As noted above, Treasury is creating a new “Monitoring List” that cites major trading partners that have met two of the three criteria specified in the Act. In this first Report, the Monitoring List includes China, Japan, Korea, Taiwan, and Germany.

This is about as direct a threat to the 3+2 nations not to engage in major currency devaluation whether through QE, NIRP or major interest rate changes as Jack Lew could come up with, and in some ways was to be expected in the aftermath of the G-20 meeting which as we found out this week, precluded any additional QE by the BOJ.

Recall that as part of the most recent G-20 accords, which many believe is what unleashed the steep slide in the dollar, the member nations agreed to refrain from FX intervention absent “disordely markets.” It also made clear what could push a country from merely the watch list to full blown manipulator status:

While no economy met all three of the criteria, this result is a reflection, in part, of the dynamics of the global economy during the past year, in which capital outflows from emerging markets have led a number of economies to engage in foreign exchange intervention to resist further depreciation of their currency (rather than appreciation). The extent of these flows was unusually high by historical standards, which underscores the possibility that more economies may trigger these thresholds going forward.

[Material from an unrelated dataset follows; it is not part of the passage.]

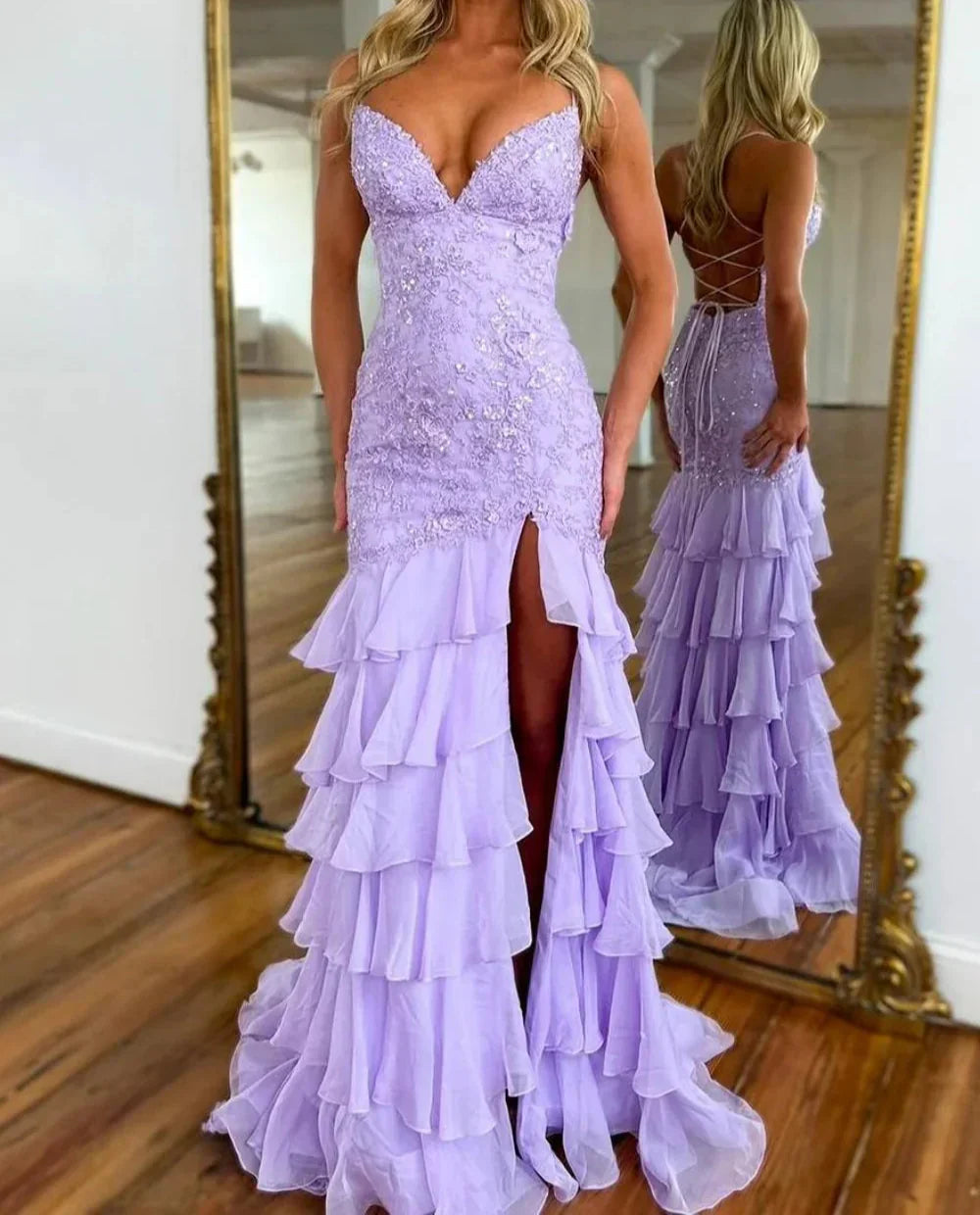 Lilac Mermaid Spaghetti Straps Silt Prom Dress Backless Lace Applique Evening Dress with Ruffles HZ1024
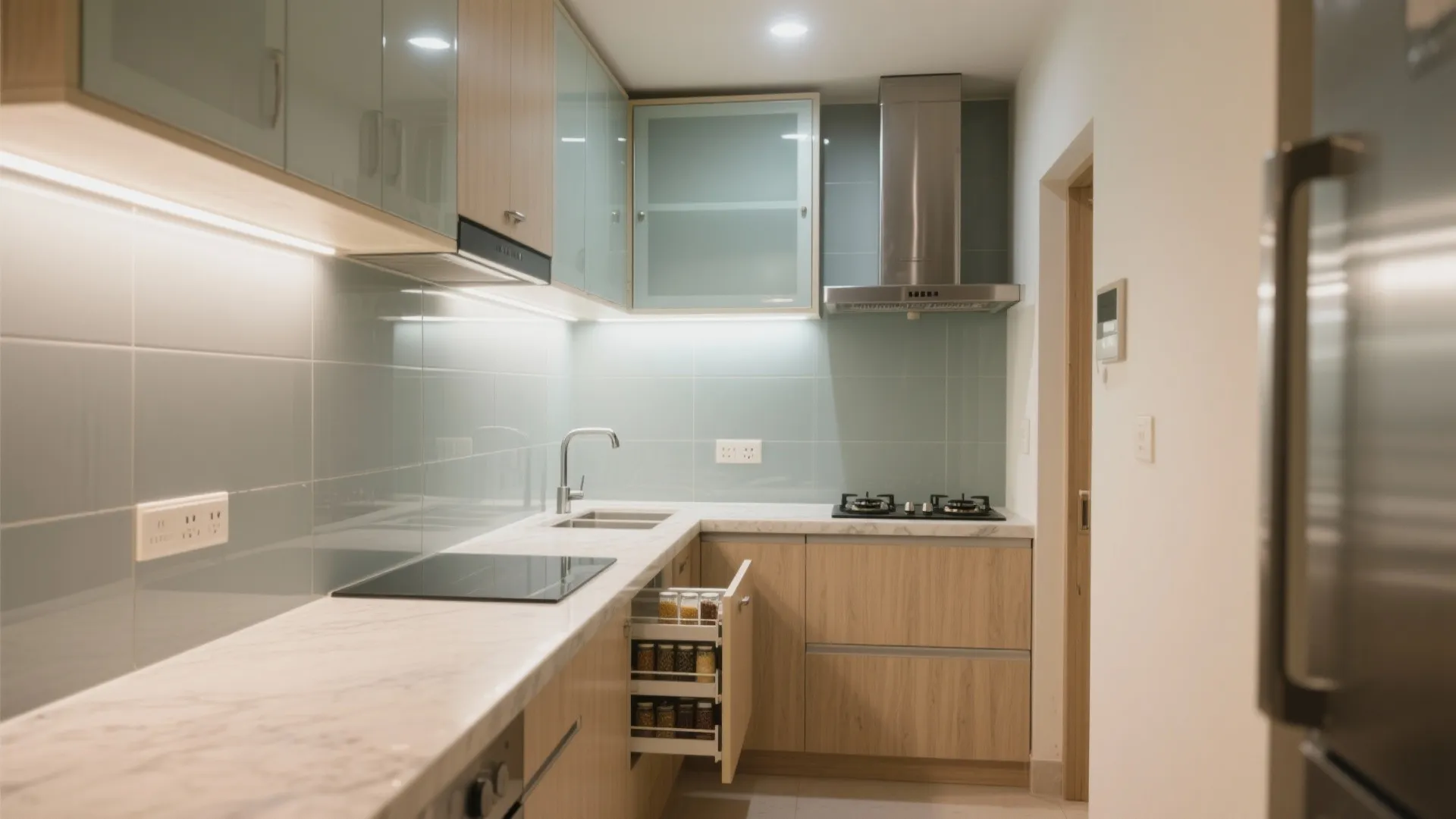 Minimalist kitchen storage with a light-loving glass backsplash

It added that “the Administration shares strongly the objective of taking aggressive and effective actions to ensure a level playing field for our workers and companies. The President has been clear that no economy should grow its exports based on a persistently undervalued exchange rate, and Treasury has been working aggressively to address exchange rate issues bilaterally, including through the U.S.-China Strategic and Economic Dialogue, and multilaterally through the G-7, G-20, and the International Monetary Fund.”

And specifically referring to the G-20 meeting, the Treasury notes the following:

The United States has secured commitments from the G-20 member countries to move more rapidly to more marketdetermined exchange rates, avoid persistent exchange rate misalignments, refrain from competitive exchange rate devaluations, and not target exchange rates for competitive purposes. Through Treasury’s leadership, the G-7 member countries, including Japan, have publicly affirmed that their fiscal and monetary policies will be oriented toward domestic objectives using domestic instruments. Treasury has also pushed for stronger IMF surveillance of the exchange rate policy obligations of its members. The IMF now publishes an exchange rate assessment for 29 economies, and is improving its exchange rate analysis in its Article IV reports on member countries. And through U.S. leadership, the Trans-Pacific Partnership countries have adopted—for the first time in the context of a trade agreement—provisions that address unfair currency practices by explicitly adopting G-20 exchange rate commitments and by promoting transparency and accountability.

In other words, the next country that dares to engage in wholesale currency devaluation with the US’ express prior permission gets it, although it is not quite clear what “it” is (we will have more thoughts on that tomorrow).

Finally, there was no comment by the US Treasury on the biggest FX manipulator of all, the US Treasury itself which courtesy of the Fed can move the value of the Dollar higher or lower by orders of magnitude in seconds. Why? Because for now the US “reserve currency” privilege allows it to do whatever it wants, plus as a reminder, the world remains synthetically short trillions of dollars. If the US wants to punish everyone else, all it needs to do is to increase the value of the dollar by 10-15% in a short period of time, and we will again witness the same events that led to the market swoon in late 2015 and early 2016.